From the very onset of the tragedy, Sally and Cliff Lancaster and their remaining six children have been supported by St. Philip Neri parishioners. Several of them accompanied the family to court.

Greta Rosenberger, director of RCIA and adult faith formation in the parish, said that Sally Lancaster goes to daily Mass and “prays the rosary with us after Mass.” She is also a regular attendee at the Monday evening prayer/Scripture study and a monthly women’s group.

Lancaster’s reaching out in forgiveness to her son’s killer is characteristic behavior, said Rosenberger, noting that the grieving mother sees tragedy as something to surrender to. “She has a great trust in God’s perfect plan and knows that God is using Troy to pray for her entire family right now.”

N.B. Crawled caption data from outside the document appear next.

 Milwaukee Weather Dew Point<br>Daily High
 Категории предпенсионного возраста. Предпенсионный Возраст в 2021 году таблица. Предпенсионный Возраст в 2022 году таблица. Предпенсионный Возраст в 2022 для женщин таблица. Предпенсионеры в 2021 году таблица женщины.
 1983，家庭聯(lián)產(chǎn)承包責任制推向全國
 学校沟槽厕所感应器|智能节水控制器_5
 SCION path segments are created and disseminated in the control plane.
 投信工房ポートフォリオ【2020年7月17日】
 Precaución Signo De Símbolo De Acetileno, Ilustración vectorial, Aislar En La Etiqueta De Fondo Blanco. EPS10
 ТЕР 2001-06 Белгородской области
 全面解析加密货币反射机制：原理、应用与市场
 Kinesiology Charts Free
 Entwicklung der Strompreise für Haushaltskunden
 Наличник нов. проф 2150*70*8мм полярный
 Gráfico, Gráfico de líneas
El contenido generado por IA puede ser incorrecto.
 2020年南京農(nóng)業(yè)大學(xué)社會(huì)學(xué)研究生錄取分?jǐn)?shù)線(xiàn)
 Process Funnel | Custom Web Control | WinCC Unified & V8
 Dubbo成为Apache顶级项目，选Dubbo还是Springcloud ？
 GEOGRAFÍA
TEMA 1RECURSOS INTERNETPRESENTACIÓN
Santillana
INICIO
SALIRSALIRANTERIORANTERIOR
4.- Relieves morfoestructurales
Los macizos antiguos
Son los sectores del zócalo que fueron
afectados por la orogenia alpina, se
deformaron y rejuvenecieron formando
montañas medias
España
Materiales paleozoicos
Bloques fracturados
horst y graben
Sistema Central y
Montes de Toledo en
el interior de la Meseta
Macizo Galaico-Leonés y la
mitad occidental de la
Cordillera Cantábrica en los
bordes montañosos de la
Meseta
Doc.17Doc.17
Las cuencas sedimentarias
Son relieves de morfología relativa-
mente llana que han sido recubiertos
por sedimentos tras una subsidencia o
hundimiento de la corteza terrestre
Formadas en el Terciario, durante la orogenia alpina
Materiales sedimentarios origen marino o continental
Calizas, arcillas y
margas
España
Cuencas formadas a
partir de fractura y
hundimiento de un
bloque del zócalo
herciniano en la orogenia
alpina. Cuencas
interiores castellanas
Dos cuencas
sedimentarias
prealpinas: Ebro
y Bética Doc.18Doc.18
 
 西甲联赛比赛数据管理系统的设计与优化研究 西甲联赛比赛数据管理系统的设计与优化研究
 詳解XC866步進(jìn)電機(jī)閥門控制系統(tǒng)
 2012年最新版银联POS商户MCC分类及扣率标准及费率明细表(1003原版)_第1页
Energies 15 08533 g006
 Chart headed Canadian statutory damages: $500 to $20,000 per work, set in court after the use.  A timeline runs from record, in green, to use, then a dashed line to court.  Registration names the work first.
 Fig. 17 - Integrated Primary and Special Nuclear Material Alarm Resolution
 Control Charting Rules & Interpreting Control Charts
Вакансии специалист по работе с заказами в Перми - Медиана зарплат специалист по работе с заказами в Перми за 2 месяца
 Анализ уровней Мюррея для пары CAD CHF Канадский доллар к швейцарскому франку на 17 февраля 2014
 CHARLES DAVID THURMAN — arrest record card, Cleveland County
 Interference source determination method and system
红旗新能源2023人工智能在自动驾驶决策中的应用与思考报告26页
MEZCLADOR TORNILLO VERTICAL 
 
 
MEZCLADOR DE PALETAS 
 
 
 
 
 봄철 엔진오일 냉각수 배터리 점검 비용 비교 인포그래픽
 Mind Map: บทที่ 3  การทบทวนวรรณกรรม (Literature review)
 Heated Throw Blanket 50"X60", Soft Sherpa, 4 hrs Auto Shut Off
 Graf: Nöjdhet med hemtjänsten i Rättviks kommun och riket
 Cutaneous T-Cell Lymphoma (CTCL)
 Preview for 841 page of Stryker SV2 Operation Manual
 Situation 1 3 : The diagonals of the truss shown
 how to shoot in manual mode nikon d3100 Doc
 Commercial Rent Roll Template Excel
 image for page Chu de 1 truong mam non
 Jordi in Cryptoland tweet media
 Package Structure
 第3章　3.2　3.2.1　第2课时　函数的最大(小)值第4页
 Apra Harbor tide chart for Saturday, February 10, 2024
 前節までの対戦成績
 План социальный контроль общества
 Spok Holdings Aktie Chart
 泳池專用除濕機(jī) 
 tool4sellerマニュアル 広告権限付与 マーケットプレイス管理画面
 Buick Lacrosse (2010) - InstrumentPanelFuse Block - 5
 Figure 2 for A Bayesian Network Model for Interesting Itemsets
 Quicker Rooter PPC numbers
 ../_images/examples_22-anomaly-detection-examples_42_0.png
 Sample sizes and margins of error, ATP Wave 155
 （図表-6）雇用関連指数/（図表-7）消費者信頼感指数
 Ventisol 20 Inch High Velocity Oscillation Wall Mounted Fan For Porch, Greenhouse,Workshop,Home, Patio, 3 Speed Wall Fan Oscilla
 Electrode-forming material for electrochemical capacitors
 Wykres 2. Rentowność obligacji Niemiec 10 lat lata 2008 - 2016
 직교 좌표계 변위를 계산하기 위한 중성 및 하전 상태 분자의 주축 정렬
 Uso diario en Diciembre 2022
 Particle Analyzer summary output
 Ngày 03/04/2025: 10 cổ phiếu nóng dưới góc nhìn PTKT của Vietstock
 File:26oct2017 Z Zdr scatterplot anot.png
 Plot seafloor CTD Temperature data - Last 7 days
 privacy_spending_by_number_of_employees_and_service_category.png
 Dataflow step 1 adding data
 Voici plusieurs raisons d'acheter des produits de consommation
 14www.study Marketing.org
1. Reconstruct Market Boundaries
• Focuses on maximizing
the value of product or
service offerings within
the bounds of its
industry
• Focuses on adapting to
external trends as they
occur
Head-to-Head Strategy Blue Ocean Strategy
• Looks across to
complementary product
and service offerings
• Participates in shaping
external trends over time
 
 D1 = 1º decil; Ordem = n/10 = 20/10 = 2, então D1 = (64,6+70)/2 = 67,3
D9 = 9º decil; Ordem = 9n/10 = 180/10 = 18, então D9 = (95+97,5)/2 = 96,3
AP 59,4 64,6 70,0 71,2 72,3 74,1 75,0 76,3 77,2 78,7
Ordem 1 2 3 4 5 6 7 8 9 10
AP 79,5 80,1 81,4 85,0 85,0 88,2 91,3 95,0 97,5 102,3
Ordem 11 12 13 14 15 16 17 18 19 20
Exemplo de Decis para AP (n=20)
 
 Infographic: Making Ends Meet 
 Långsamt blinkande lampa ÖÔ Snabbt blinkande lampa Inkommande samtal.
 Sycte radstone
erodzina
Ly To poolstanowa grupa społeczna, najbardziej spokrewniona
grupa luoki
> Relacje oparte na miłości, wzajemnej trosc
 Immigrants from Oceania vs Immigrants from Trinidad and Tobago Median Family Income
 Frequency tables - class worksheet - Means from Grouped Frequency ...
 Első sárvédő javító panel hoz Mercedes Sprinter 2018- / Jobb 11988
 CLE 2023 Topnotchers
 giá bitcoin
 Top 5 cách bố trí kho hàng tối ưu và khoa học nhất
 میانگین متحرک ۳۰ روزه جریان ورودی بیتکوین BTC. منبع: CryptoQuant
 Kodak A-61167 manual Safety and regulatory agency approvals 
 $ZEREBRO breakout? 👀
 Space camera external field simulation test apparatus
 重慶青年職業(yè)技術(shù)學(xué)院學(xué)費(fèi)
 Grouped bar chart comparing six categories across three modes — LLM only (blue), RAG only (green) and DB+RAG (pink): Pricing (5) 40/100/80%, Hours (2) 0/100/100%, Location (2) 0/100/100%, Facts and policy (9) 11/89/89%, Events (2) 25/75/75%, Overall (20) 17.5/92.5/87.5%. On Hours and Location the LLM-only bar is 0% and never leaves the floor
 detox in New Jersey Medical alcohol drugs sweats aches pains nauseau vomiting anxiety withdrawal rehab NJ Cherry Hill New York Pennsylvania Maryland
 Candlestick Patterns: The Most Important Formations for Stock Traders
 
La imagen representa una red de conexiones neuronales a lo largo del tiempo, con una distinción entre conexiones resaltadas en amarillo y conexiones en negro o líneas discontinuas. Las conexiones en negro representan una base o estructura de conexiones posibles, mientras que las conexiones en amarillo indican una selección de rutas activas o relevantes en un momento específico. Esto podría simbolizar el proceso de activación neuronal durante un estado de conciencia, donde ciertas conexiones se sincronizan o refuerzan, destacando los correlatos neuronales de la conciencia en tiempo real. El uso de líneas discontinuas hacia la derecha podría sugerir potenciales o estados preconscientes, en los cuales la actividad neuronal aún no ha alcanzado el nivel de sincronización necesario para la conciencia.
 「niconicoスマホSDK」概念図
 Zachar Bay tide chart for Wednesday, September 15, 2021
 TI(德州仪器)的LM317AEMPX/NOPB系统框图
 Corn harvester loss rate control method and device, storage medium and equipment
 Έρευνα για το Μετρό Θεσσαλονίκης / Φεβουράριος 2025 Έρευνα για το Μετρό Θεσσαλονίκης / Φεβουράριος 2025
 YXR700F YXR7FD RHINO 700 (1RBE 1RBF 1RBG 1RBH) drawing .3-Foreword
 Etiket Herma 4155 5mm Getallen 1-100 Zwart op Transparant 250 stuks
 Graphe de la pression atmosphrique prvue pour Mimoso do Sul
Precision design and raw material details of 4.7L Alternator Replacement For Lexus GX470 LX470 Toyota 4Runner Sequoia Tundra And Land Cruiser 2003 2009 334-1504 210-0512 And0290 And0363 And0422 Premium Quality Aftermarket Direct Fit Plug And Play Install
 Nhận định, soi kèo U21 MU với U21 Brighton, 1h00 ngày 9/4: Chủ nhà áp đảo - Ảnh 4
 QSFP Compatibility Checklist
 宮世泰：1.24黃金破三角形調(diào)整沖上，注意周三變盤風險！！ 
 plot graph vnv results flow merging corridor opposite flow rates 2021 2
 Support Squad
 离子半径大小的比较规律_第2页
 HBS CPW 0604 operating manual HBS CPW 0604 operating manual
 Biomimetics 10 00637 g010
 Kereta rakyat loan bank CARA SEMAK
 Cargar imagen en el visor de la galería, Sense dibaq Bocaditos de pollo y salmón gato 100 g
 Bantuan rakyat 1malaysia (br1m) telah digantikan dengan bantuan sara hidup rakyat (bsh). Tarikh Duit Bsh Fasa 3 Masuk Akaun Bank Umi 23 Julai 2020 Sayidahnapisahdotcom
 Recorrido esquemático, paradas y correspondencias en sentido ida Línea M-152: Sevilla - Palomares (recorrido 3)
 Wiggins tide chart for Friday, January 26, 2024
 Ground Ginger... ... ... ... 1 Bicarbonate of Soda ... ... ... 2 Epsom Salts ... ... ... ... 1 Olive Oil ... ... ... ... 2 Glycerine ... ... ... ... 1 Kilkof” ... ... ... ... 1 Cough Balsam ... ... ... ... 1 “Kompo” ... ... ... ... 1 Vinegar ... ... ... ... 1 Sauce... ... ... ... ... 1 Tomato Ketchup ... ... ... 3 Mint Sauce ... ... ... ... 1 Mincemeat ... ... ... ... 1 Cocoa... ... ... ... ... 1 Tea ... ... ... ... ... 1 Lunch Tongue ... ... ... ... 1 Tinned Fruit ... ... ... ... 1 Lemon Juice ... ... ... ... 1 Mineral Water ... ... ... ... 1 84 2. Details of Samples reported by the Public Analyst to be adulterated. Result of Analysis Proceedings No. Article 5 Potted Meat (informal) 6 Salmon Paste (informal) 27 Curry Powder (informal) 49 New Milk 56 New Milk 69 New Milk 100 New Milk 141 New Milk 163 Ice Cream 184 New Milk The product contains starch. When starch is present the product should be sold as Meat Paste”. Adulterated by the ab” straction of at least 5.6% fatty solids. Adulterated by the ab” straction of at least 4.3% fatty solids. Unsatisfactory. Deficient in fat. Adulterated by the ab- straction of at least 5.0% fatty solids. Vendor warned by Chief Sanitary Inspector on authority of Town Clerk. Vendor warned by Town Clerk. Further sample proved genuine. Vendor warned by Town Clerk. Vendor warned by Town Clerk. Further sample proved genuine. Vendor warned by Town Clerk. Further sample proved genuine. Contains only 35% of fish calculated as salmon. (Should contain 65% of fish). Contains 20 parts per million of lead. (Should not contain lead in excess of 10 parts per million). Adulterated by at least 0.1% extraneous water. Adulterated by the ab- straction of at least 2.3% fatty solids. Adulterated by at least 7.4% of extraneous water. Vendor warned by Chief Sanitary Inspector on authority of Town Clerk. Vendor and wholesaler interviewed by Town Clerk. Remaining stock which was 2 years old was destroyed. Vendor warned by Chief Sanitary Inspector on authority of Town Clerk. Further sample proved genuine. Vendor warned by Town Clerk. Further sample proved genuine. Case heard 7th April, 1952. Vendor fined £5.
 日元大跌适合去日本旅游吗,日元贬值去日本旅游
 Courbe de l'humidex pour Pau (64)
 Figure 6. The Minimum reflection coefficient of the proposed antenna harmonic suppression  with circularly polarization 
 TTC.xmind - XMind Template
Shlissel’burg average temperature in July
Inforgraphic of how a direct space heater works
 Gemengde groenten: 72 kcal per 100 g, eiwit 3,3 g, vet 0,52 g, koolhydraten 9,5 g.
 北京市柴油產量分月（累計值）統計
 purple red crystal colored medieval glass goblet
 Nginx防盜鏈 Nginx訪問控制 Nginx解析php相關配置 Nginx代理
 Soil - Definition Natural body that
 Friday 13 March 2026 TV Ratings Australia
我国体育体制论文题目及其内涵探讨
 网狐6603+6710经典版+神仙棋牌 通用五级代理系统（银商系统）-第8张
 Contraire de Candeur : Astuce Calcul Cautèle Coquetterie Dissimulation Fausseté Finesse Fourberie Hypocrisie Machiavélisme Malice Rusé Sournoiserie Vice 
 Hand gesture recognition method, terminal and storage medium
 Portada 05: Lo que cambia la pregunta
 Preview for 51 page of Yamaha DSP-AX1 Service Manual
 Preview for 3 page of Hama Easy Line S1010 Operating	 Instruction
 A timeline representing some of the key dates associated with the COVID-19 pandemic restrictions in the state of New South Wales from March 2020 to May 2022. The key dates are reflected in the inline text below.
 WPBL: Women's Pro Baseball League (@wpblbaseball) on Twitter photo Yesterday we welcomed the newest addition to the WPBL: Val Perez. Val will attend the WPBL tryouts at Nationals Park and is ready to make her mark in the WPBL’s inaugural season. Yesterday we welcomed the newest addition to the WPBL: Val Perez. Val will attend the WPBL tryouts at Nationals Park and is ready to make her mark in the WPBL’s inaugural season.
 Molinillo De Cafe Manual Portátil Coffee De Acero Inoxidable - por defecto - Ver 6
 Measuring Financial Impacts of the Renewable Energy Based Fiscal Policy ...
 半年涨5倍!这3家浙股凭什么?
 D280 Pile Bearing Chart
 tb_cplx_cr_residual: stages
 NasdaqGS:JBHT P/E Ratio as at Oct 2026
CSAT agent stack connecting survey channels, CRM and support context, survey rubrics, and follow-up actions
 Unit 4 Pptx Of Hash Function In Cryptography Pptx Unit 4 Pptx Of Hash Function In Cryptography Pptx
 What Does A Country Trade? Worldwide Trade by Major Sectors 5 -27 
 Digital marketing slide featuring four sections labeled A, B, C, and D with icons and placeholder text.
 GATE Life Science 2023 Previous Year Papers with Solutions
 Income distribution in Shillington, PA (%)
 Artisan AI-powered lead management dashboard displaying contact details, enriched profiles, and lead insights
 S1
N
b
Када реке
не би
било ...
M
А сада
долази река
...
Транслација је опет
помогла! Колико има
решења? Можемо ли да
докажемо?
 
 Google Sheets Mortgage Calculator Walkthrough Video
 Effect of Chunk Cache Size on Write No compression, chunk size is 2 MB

Lancaster told Rosenberger that she expects that Troy is praying for the young man who murdered him, so that both men may one day be friends in heaven.

Lancaster said she is able to cope with her son’s death in this faith-filled manner because she believes Troy “was at the peak of who he was when he died. He could have spiraled down, but he was trying to pull himself together. I think God permits things to happen and we don’t see the bigger picture.”

Part of the bigger picture might be the impact her son’s death has had on his friends. “They’re starting to change and to better their lives by getting jobs and going to school. That’s really neat.”

Lancaster adds that they’ve “put more value on life and gone deep about spiritual matters because they could be taken away too, like Troy.”